The extension of the capitalist market economy in the twentieth century developed into what we call consumerism, the notion that I can have what I want and that the role of the market is to anticipate wants I do not know I have. Consumerism is stratified to minutely reflect the range of inequalities of wealth and income that come with a regime of private property. Public or common goods such as education are transposed into a hierarchical and status-driven system of consumer products. This provides the motivation to acquire as much income and capital as possible and pass these onto one’s children (the ‘Matthew effect’ of accumulated advantage).
Capitalism brings about the instrumentalisation of all relationships on behalf of the accumulation and consumption of private wealth. Progress is viewed in terms of the supposed adaptive evolutionary success of human society in mastering the natural environment. The question of value is reduced to technologies of problem-solving on behalf of that mastery. Organisations lose such non-instrumental purposes as they may have had and are restructured as managerial bureaucracies with the maximisation of market value as their rationale. All human capacities are commercialised, and the ensouled nature of creative work is discounted and falls away.
The extremity of subjectivism is expressed in the view that there is no such thing as reality to constrain and limit us. The anthropocentric arrogance expressed in the idea that human beings construct their own reality is now ubiquitous.
All these dispositions – capitalism, productivism, consumerism, technologism, managerialism, constructivism – are different expressions of the idea that human beings can do what they like, without limits or consequences. Subjectivism fosters interventionism, the belief that the all-powerful human subject is the one in control and can sort things out. The delusional nature of this belief is obvious and makes it impossible for us to share a capacity to attend to reality.

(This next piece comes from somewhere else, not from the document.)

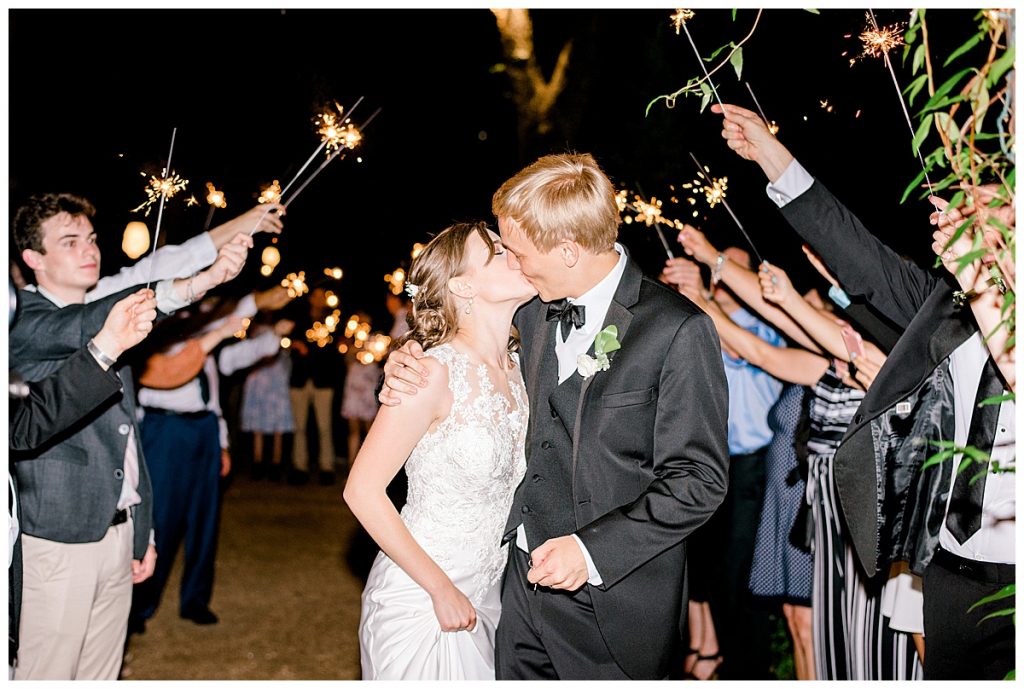 Bride and groom kiss wedding grand sparkler exit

Subjectivism involves the generalising of what Martin Buber calls an ‘I-it’ relationship to all phenomenal reality – where the integrity of things disappears, and each ‘it’ is present only so far as it serves a subjective will to power that is expressed in increased monetary return to productive activity. The master value of such activity is efficiency in the realisation of increased monetary value. John Dewey’s pragmatism offers a philosophical justification of this world view. For Dewey, there is nothing intrinsically unethical: there are only more or less inefficient practices. Slavery is inefficient when set against less coercive forms of employment. Thus Dewey declares: ‘No ends are accomplished without the use of force,’ and he concludes: ‘The criterion of value lies in the relative efficiency and economy of the expenditure of force as a means to an end.’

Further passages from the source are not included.